Answ: Time and spatial scales are coupled. Bacteria are small, grow fast, exhaust their supply soon, and then go through a long period of starvation, thinning (death) and/or resting stage. Their growth pattern in thus in the on/off mode, a short period "on", a long period "off". Elephants grow and reproduce slowly (at maximum rates), average their feeding activities over a large areas by migration; their population dynamics is usually such that their densities settle at the carrying capacity of the environment, which allows very slow reproduction, that just compensates the losses (by aging and accidents). These two examples illustrate a coupling of traits (feeding, growth, reproduction, generation time). Descriptions of r versus K strategies just aim the describe this coupling; the DEB-based body-size scaling relationships can be used to understand the coupling; Body size itself is just one aspect: co-variation of parameter values among species affect their body size AND other traits, such as reproduction and generation time.

The selection by environmental conditions for particular parameter values is another problem, which we try to understand in computer simulation studies, where rules are formulated for how the parameter values of the offspring depend on that of the mother. Selection is implicit in the competition mechanism, which results in "adaptive dynamics" for parameter values among individuals, and speciation. A little bit of this work is reported in Chapter 9.

Quest 8.3.2: Small versus large eggs. It is hearsay, I do not have that book of Stephen Jay Gould. I thought Gould on phylogenetic arguments made the case in a chapter in one of his books that you should not ask yourself why the kiwi produces such a big egg, but why did the kiwi shrink. Is his view consistent with the structure of the DEB model as outlined in subsection 8.3.2, {291}?

Answ: Egg size varies a lot between related species. The european cuckoo produces many, relatively small eggs, which are laid in nests of other birds, while their tropical relatives (anis) produces relatively large eggs and are not brood parasites. Reproduction strategy determines egg size here. It is hard to understand why the kiwi "forgot" to shrink its egg, while advanced evolutionary adaptation of relative egg size can be observed in other species.

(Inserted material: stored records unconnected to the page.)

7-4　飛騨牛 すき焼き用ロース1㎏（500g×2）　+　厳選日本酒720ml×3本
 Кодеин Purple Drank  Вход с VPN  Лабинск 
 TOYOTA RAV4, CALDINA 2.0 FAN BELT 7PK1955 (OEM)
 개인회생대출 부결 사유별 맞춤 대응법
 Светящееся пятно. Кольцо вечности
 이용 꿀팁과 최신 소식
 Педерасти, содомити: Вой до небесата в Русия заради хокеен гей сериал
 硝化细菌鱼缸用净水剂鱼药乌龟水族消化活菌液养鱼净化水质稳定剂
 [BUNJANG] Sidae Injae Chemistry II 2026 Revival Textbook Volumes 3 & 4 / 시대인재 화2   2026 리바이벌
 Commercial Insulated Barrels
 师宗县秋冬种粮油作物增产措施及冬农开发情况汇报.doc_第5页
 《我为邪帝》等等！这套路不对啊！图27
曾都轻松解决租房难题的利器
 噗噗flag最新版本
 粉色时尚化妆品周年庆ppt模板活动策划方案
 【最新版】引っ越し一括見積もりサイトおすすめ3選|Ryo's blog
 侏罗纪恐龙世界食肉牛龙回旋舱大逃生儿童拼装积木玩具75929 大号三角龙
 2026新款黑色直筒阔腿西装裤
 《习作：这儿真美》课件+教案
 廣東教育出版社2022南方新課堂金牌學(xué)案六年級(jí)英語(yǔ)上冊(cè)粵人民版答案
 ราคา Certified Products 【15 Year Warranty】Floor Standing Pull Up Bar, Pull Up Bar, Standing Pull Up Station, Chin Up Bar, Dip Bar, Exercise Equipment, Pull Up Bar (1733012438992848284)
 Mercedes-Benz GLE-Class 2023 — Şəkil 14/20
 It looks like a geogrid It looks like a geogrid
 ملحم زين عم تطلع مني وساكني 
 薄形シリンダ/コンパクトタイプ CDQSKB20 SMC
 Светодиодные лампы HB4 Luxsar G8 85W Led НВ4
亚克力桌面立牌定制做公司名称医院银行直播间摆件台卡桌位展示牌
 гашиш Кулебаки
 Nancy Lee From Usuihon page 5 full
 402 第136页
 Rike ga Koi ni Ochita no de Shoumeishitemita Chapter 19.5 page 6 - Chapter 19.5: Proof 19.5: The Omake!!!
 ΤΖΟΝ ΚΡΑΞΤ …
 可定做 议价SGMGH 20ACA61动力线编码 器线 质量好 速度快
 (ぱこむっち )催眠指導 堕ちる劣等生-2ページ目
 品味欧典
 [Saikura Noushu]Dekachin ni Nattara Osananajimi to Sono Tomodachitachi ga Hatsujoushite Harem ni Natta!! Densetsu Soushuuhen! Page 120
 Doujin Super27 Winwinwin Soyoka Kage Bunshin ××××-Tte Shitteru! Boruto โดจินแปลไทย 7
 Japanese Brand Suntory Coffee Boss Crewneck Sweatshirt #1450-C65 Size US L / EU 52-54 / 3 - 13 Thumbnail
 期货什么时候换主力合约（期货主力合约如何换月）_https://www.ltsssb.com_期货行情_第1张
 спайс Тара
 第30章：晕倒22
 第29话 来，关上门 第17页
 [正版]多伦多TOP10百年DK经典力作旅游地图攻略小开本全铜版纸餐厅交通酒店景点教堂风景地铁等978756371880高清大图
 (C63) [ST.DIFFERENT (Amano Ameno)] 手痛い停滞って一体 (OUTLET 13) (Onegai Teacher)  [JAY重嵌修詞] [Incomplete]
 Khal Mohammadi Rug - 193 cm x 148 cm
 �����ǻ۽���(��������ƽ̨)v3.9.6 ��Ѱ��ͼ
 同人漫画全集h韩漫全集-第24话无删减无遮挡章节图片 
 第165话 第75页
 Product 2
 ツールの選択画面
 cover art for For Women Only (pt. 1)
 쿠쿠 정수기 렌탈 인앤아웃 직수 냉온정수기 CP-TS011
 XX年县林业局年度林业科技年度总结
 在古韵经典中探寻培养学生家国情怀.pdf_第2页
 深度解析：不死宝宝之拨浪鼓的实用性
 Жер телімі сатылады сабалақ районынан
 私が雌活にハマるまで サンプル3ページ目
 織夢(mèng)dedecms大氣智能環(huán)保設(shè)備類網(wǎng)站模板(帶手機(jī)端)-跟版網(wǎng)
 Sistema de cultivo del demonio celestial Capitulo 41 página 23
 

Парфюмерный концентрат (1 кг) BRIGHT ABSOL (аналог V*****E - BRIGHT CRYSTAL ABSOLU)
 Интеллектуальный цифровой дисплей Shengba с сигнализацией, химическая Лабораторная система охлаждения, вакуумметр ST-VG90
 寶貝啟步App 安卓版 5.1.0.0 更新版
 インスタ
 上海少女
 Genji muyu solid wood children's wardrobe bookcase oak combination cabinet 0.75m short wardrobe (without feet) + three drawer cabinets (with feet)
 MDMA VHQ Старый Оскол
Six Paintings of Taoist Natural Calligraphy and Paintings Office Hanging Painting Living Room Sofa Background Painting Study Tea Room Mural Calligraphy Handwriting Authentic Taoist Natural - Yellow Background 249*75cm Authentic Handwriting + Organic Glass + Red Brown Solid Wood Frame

Quest 8.4: Pages {299-300} speculate a bit about the plant-animal dichotomy, and mention the basic strategies of plants and animals. Where could we place organisms that have features of both lines of development, e.g. flagellates that have both phagocytosis (control of uptake by feeding on other organisms) and chloroplasts (control over light and nutrient uptake)? Or is this an example of a species that does not aim at specialisation, but at being as flexible/opportunistic as possible for a unicellular?

Answ: Indeed, myxotrophy is the basic life style of many non-specialized protoctists, from which plant and animal life styles developed as specializations.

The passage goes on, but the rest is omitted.